This is the first in a series of regular posts that I’m calling ‘Recent Good Reads’ – because I read a lot – and I do like to talk about the books I read – but the only other adult in my house doesn’t share my passion for reading (I still love him, though) – so, congratulations(!) – you, dear readers will be subjected to my ramblings instead. (it’s an excessive hyphens sort of day)
Today’s book is The Hollow City by Dan Wells.
I got this book from my parents last Christmas and it’s been chillin’ on my shelf ever since (I did get a massive stack of books last Christmas and I make regular trips to the library so, you know, I have plenty of lame excuses). I read it as a reward for surviving NaNoWriMo. As I usually don’t do any reading during November, now I’m behind on my yearly goal of 50. I have ten more to go. Thank you GoodReads for helping me keep track (and reminding me that I’m six books behind and failing at life – so helpful of you).
I love Dan Wells’ books.
I’d never read anything in the horror genre, before picking up I Am Not A Serial Killer, but I’d been listening to the Writing Excuses podcast for awhile and wanted to check out his work. I loved I Am Not A Serial Killer, so I went and bought the rest of the series and loved those, too. And then there’s Partials – which is YA Sci-Fi (probably Stacy’s favorite genre). It’s awesome, you should read it – and Fragments is even better, so you should read that one, too.

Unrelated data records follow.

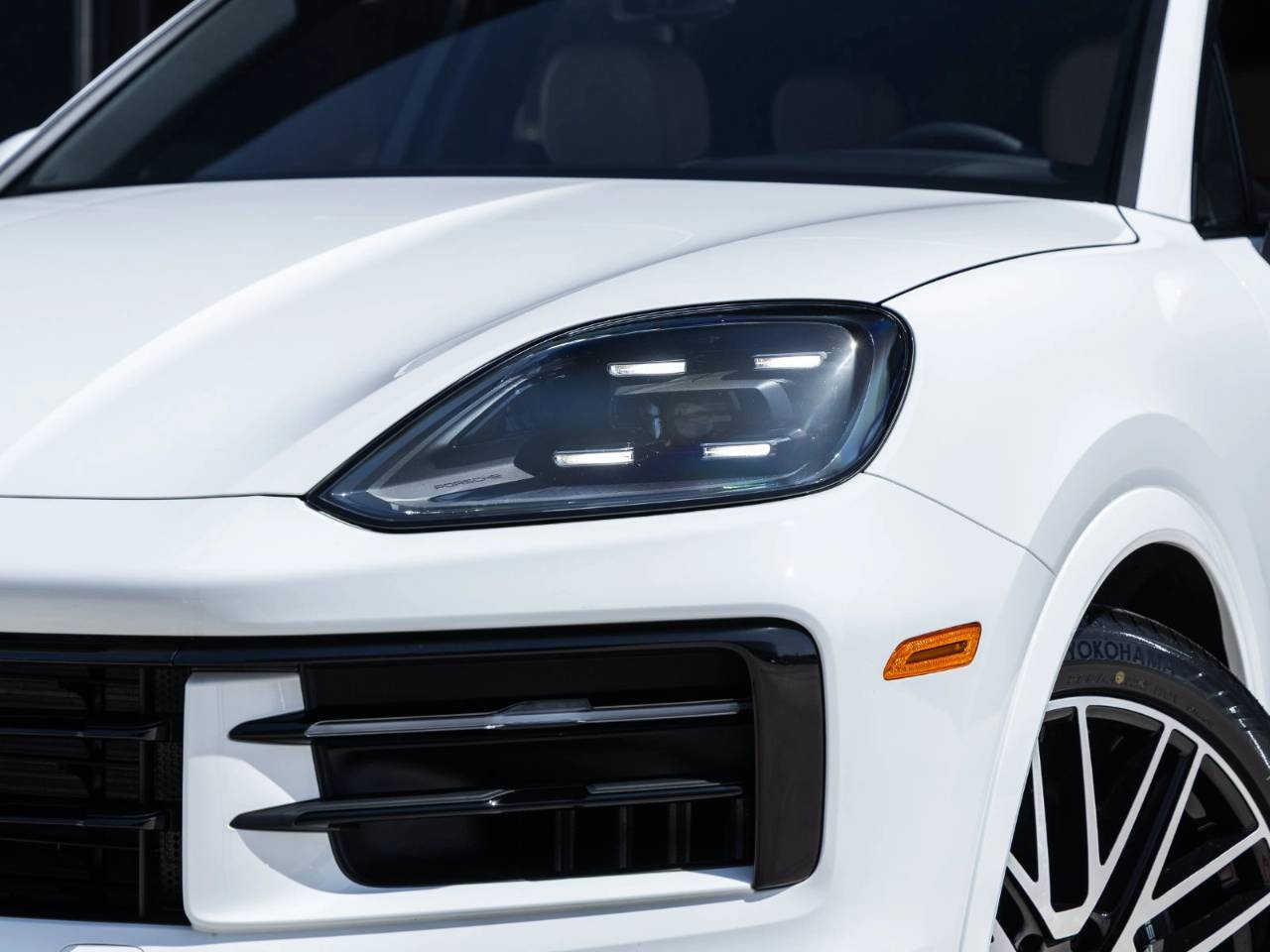 2026 Porsche Cayenne Cayenne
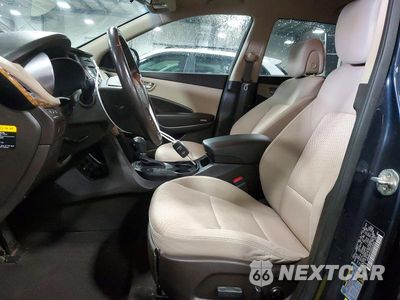 Zdjęcie 7 z 12 samochodu: 2013 HYUNDAI SANTA FE GLS VIN:KM8SMDHF6DU028392 - miniatura
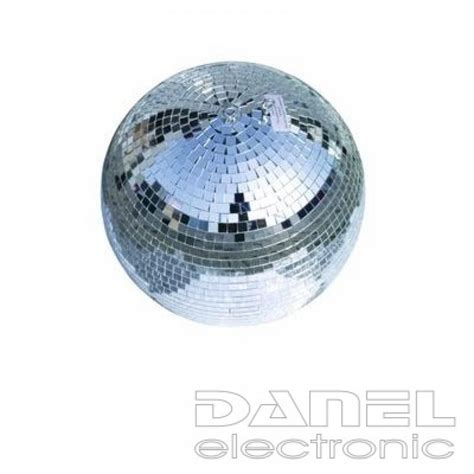 Schematické znázornenie ako funguje disco guľa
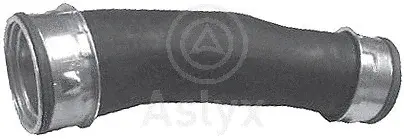 Патрубки системы охлаждения Aslyx AS-204490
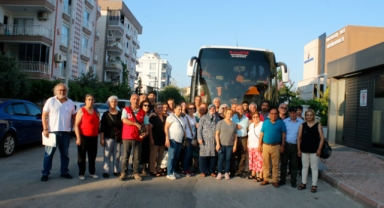 Madımak'ı andılar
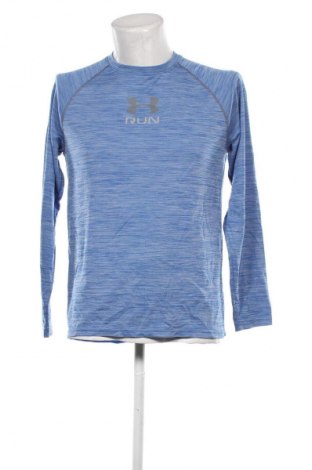 Herren Shirt Under Armour, Größe M, Farbe Blau, Preis 16,99 €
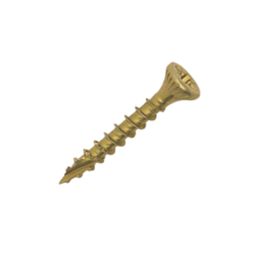 Optimaxx  PZ Countersunk  Wood Screws 4mm x 30mm 200 Pack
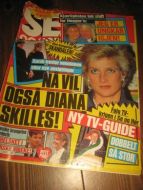 1992 nr 036 SE OG HØR DIANA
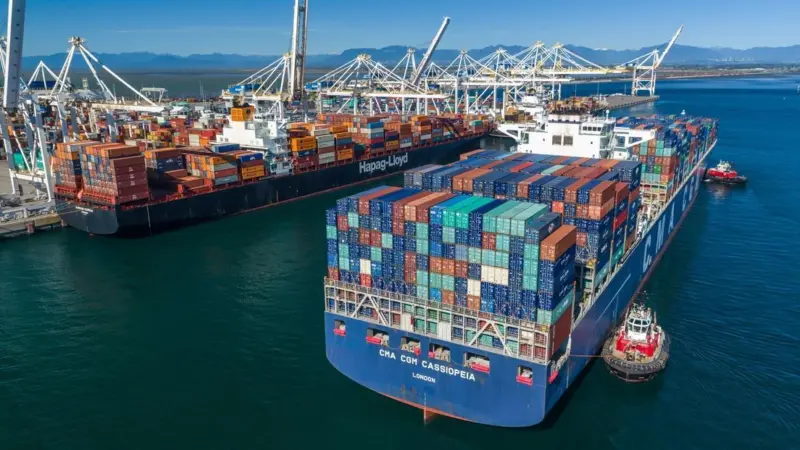 Konecranes wins repeat RTG order for GCT Deltaport, Vancouver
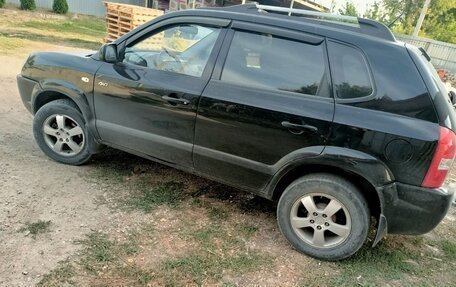 Hyundai Tucson III, 2007 год, 730 000 рублей, 4 фотография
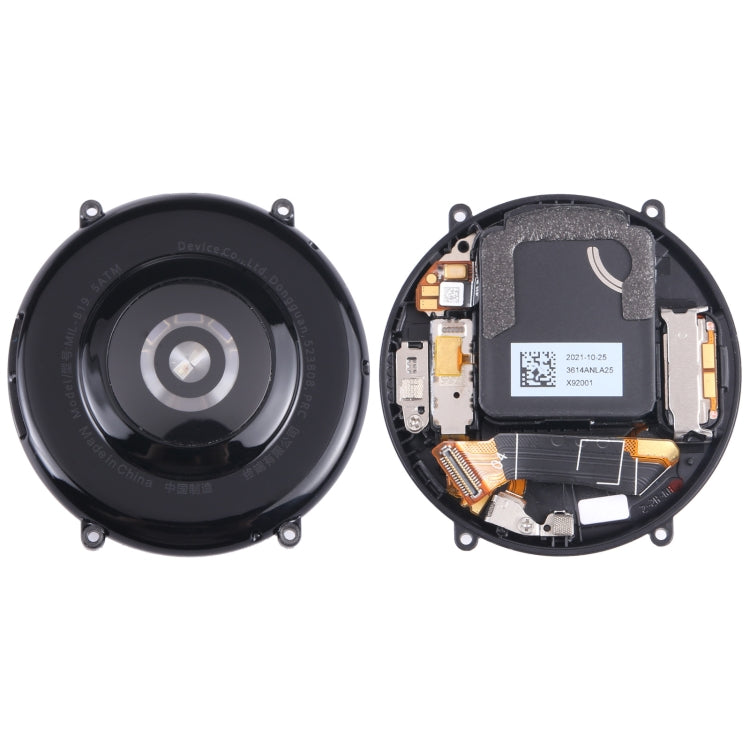 For Huawei Watch GT 3 42mm MIL-B19 Original Back Cover Full Assembly With Battery, For Huawei Watch GT 3 42mm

Dan Wells is meticulous. You can tell the man does his research and really thinks about the worlds he creates. And then he comes up with these wonderful, flawed characters (sociopaths, schizophrenics, androids) and he makes us care about them and root for them.
I don’t even know how to classify The Hollow City – sci-fi horror maybe?
I didn’t know if I was going to like it – and only vaguely recalled what it was about (too lazy to read the front cover blurb) – but I couldn’t put it down!
One of the things that makes this book interesting is that you have a completely unreliable narrator. The main character, Michael, has schizophrenia so as a reader, you’re really not sure what’s real and what isn’t. And his thought process is absolutely fascinating. I was convinced that his delusions were real and Mr. Wells presents Michael’s point of view in such a way that his delusions and reasons for believing them made perfect sense.
And then the plot went in some unexpected directions…hey, I like being able to figure stuff out before I get to the reveal, but I like not knowing, too.
Conclusion: Dan Wells just writes fantastic books. Go check this one out!